It’s a foregone conclusion, isn’t it?
Jimmie Johnson will win one of the next 19 NASCAR Sprint Cup Series races — guaranteed. Right?
Since the Chase for the NASCAR Sprint Cup was instituted in 2004, Johnson is the only driver to qualify for each of the 10 playoffs that have determined the champion of NASCAR’s foremost series.
Not once in his 12 previous full years in Sprint Cup racing has Johnson gone more than 12 races into a season without winning. If he doesn’t get a victory in Saturday night’s Bojangles’ Southern 500 at Darlington Raceway, it will be only the second time in the Chase era he has failed to win before the ninth event of a season.
With that in mind, Johnson is right to stay the course, to approach this year with the same methodical excellence that has carried him to 66 victories and six championships — right?
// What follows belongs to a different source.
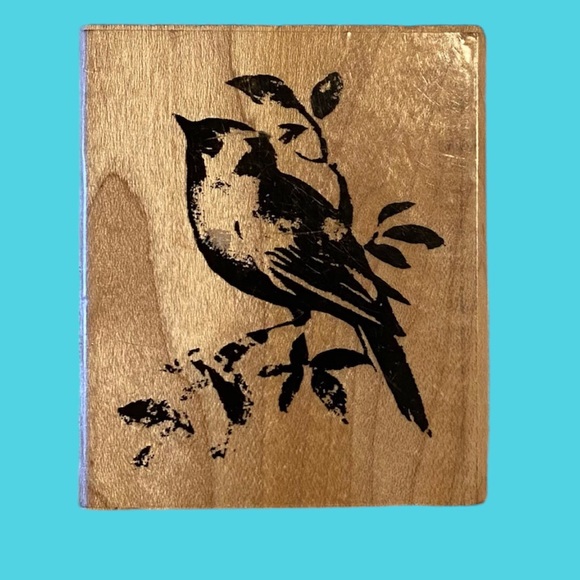« Lone Bird » Wood Mounted Stamp by Hero Arts - Picture 1 of 6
Yes, we have a new system for qualifying for the Chase and determining a champion, but No. 48 team’s old approach should still work — shouldn’t it?
Johnson is convinced it will.
“I haven’t felt any pressure with the new format yet,” Johnson said Friday, three days before the rain-delayed Duck Commander 500 at Texas Motor Speedway was finally run.
“Maybe I’m naive or stupid or something else, but the season takes on so many different changes, and I feel like we’ve had a few looks here recently at a victory, and I feel like it’s coming and hope that it’s coming soon, so that I don’t have to answer the question.”
Johnson’s approach this year hasn’t changed with a championship format that has shifted the balance much more heavily toward winning races and less toward accumulating points.
“Our goal has been to run in the top five,” Johnson explained. “And we’ve felt like, if you run in the top five, you’ll have opportunities to win races. I’ve been able to win 66 races that way — and six championships.
“So, I don’t feel like I need to change my viewpoint on winning races and trying to transfer into the Chase. If there’s a race or two to go, and I don’t have a victory, it’s definitely going to change my opinion then. But I’ve built so much over the last 13 years with a certain mind-set that myself and the team, we’re just not in the position to change that mind-set yet.”
Three days later came another Sprint Cup race. Three days later came another problem for Johnson and the No. 48 team.
Johnson started 16th at Texas, in the outside lane, and after the race went green, he fell behind Hendrick Motorsports teammate Dale Earnhardt Jr., who qualified 19th. As he roared through the tri-oval for the first time at speed, the left tires of Earnhardt’s clipped the soggy infield grass.
What happened in the next microsecond ruined the race for Johnson.
“When Junior went through the grass, it kicked up all this debris and mud,” Johnson said. “It ripped the windshield and ripped the left front.”
Johnson came to pit road repeatedly under caution, and his crew worked feverishly to remove the debris from the grille of the No. 48 Chevrolet. The problem appeared manageable — before Johnson cut a tire later in the race and lost three laps on pit road. He finished 25th and dropped to seventh in the series standings, 31 points behind leader Jeff Gordon.
“It was a day of bad luck,” Johnson said. “We had a fast race car, so there was a little (silver) lining in it, but it was a terrible finish.”
As Johnson is learning this season, bad luck sometimes matters a lot more than fast cars. On March 23, he had a win in the bag at Fontana, Calif., until he blew a tire with seven laps left. He led 296 laps at Martinsville a week later, but Kurt Busch passed him for the victory with 10 laps to go.
Nevertheless, Johnson is wise to be confident. It would be unreasonable to think a driver who wins races at a clip better than once in every seven starts could be shut out for the first 26 races of a season.
But, at some point, Johnson’s streak of making Chases will end. At some point, his winning percentage will decline, as it has for every other driver with significant tenure in the sport.
But it won’t be this year — will it?